Data extract:
________________________________________

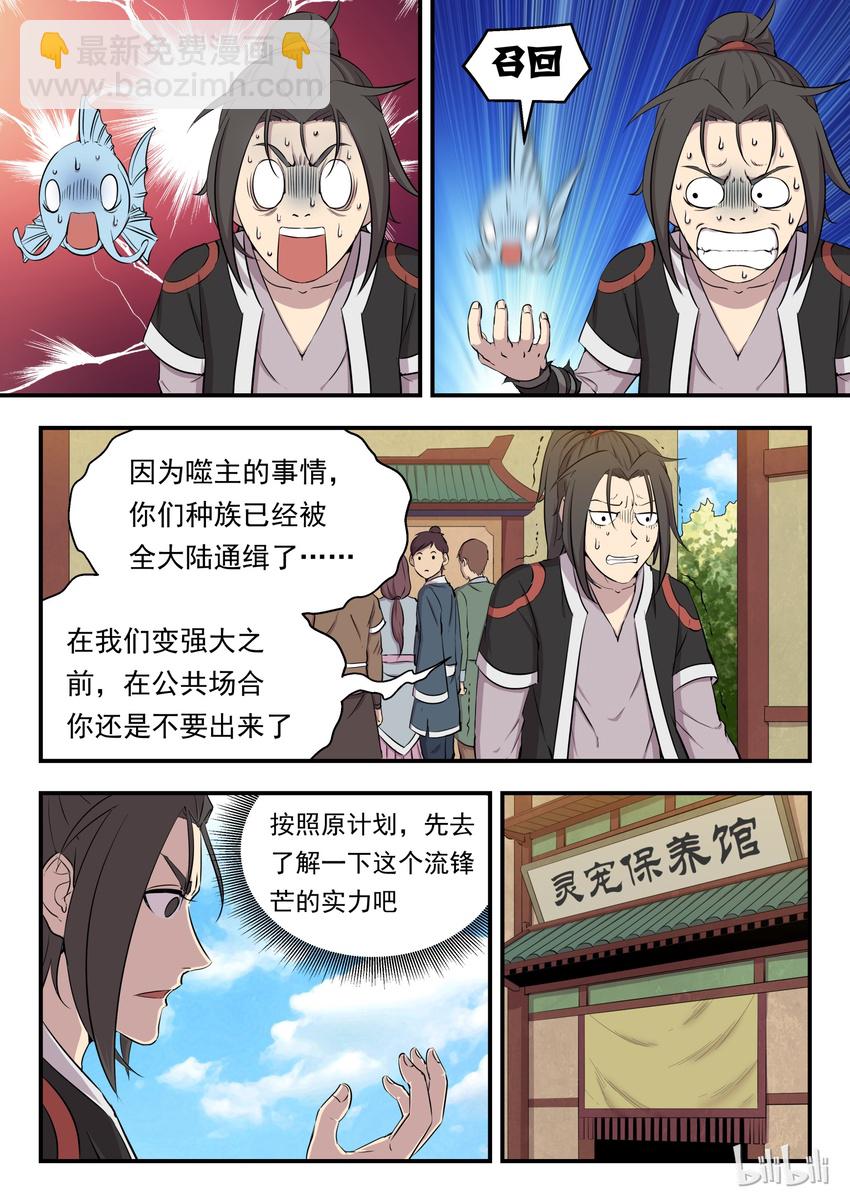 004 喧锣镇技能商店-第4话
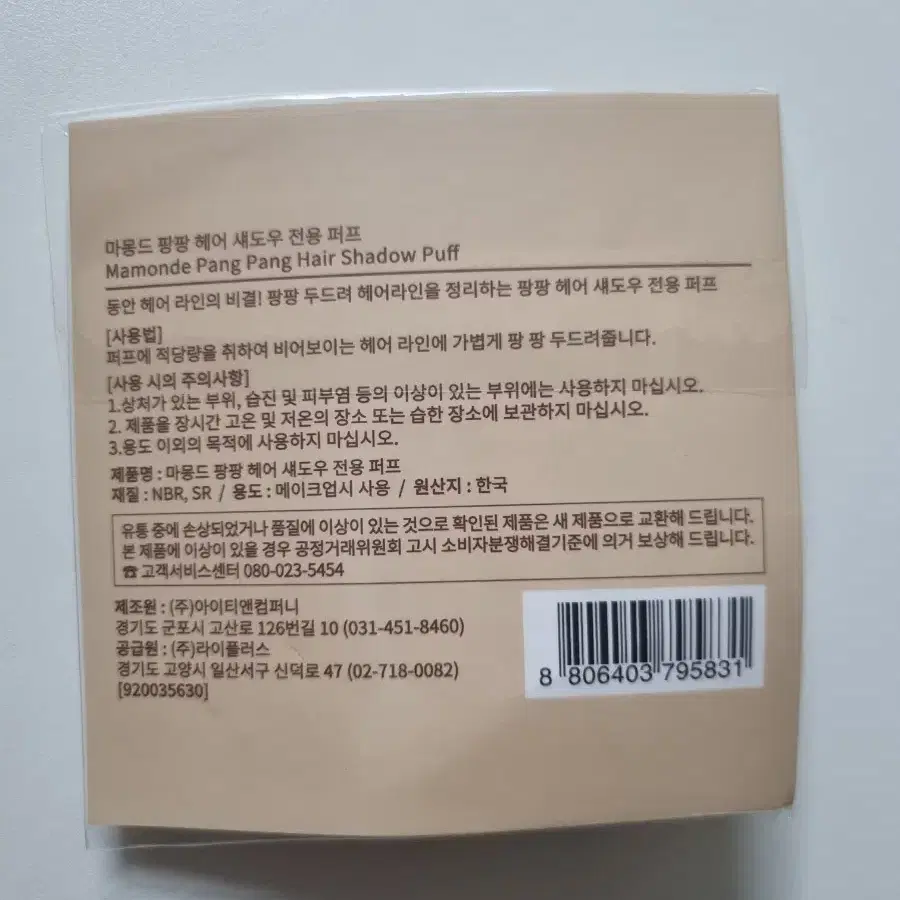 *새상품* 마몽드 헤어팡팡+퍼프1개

________________________________________

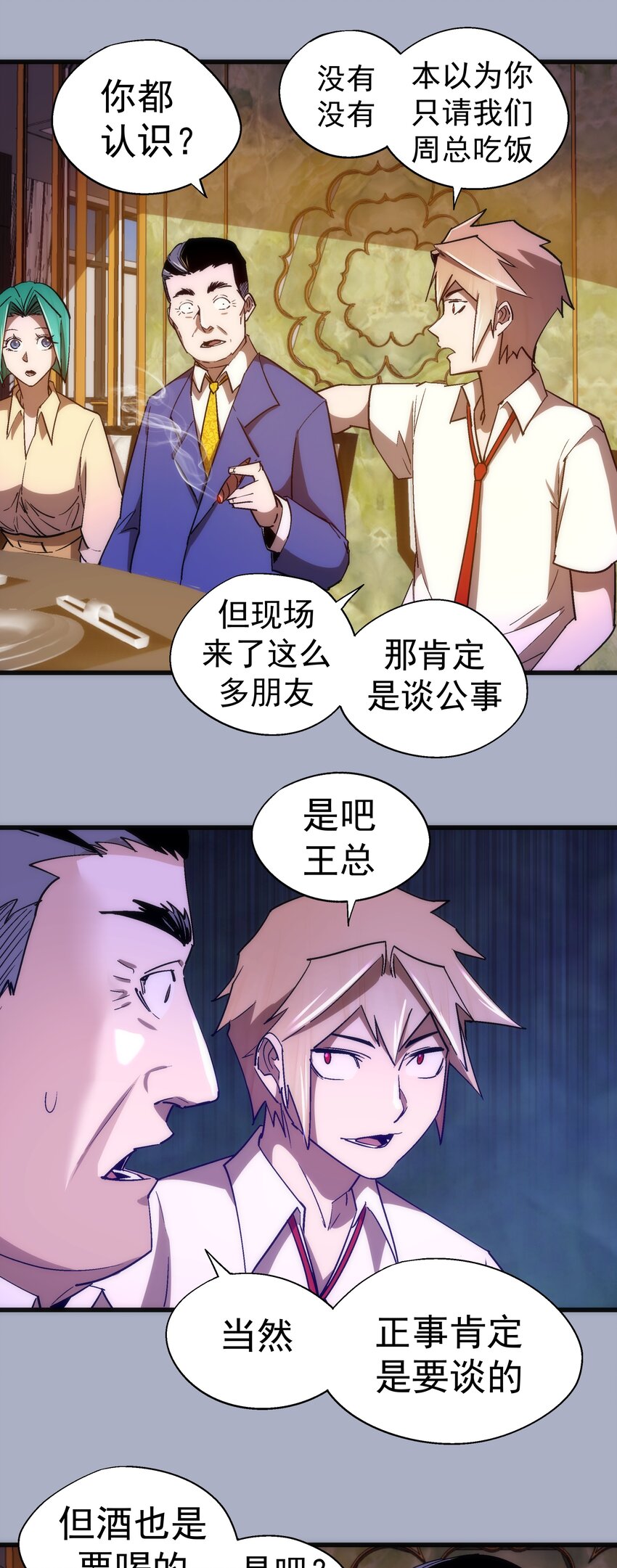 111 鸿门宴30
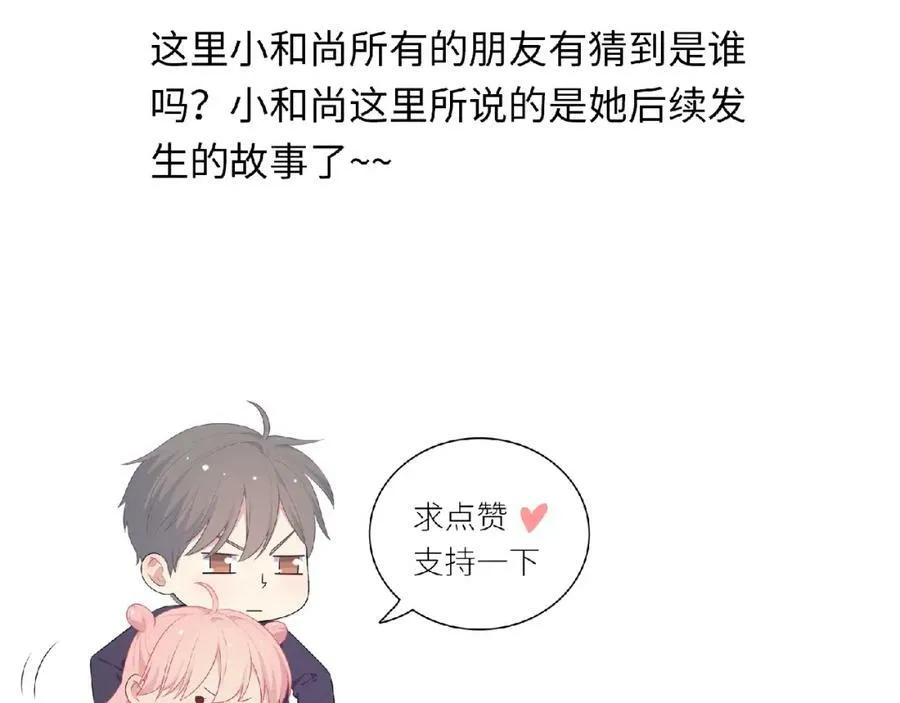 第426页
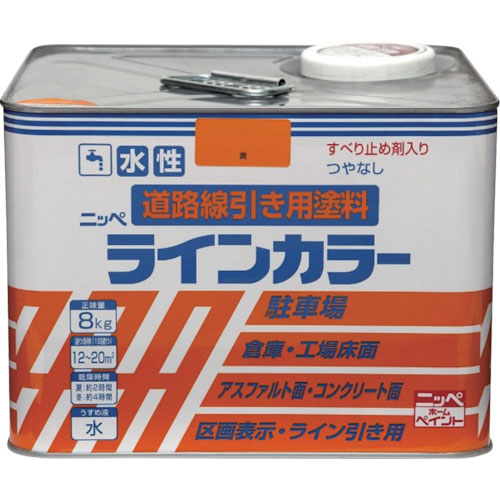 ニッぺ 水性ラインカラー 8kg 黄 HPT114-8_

________________________________________

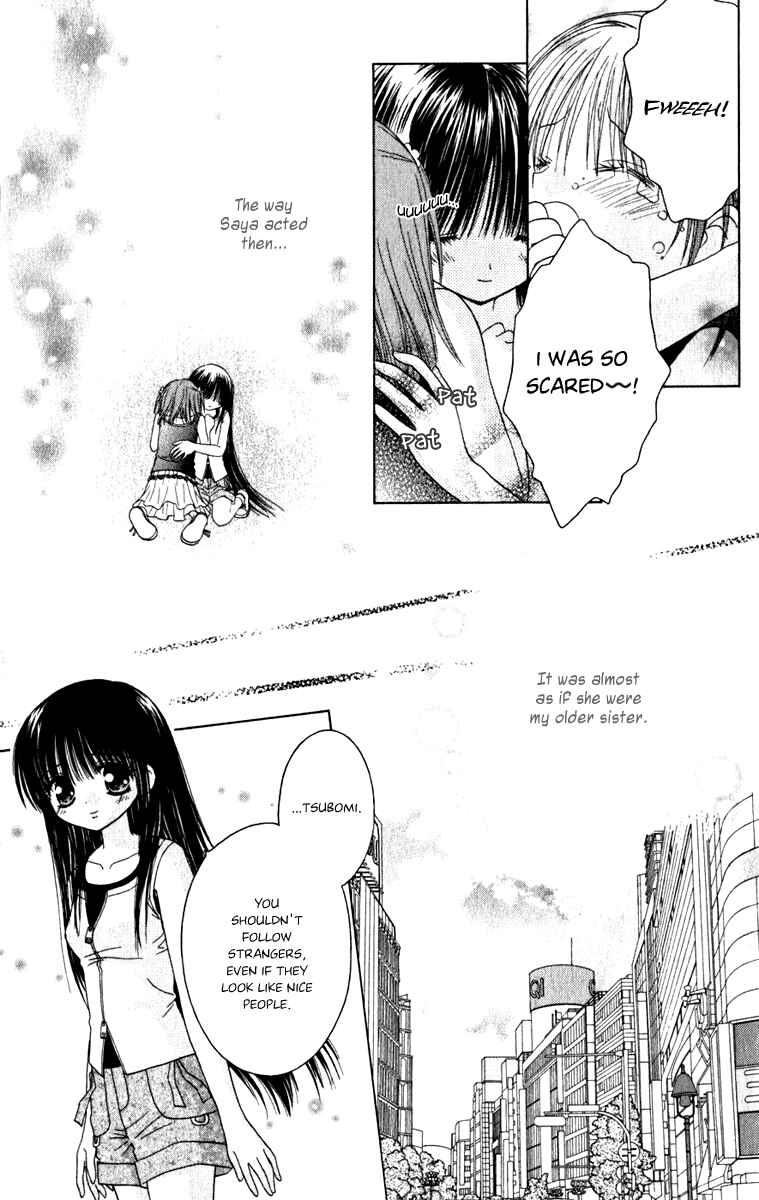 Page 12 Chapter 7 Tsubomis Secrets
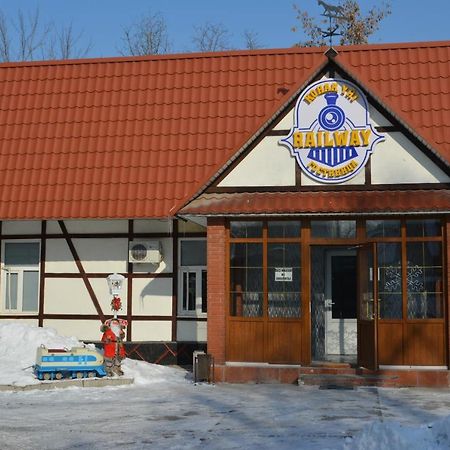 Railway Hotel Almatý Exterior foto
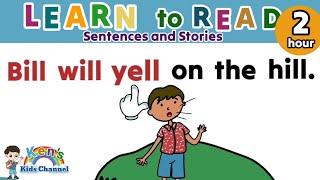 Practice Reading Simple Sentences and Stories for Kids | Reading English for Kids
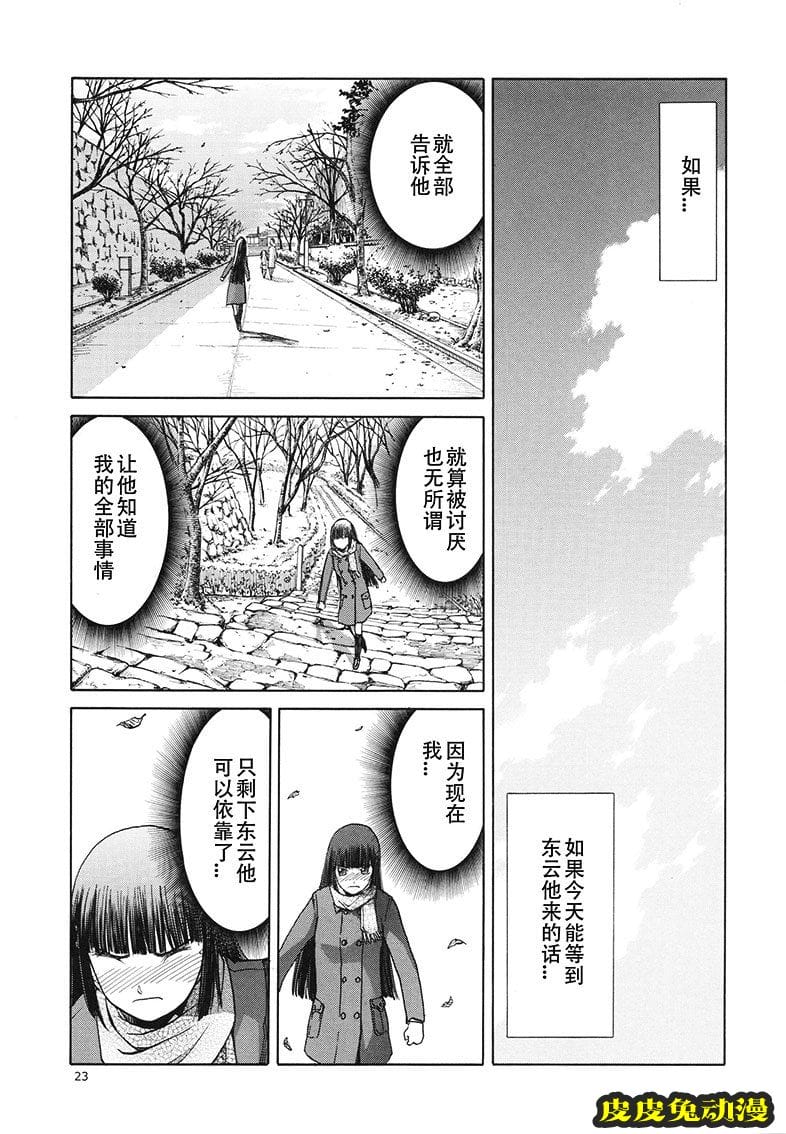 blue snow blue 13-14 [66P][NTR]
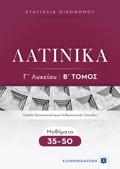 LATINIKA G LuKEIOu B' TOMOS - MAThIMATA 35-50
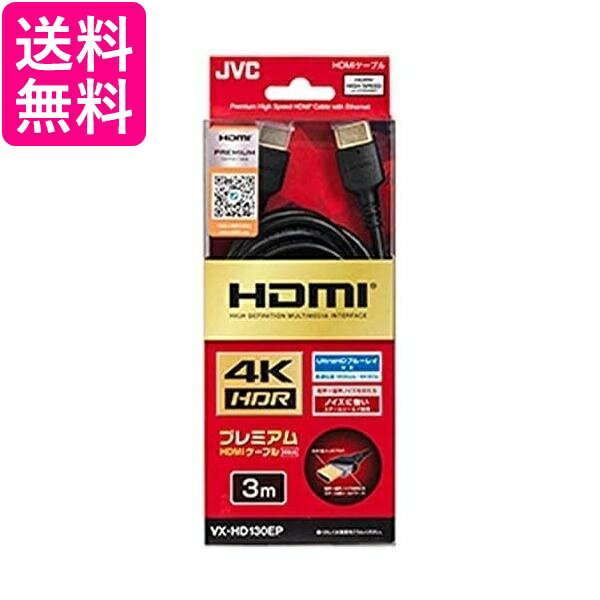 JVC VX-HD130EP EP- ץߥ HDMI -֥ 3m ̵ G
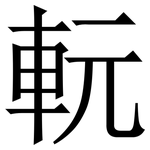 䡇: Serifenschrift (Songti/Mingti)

________________________________________

Task to carry out: Drop the pictures; return the lines above from the line containing "JVC VX-HD130EP EP- ץߥ HDMI -֥ 3m ̵ G" to the line containing "䡇: Serifenschrift (Songti/Mingti)", both included, exactly.

Answer box:
 JVC VX-HD130EP EP- ץߥ HDMI -֥ 3m ̵ G
 䡇: Serifenschrift (Songti/Mingti)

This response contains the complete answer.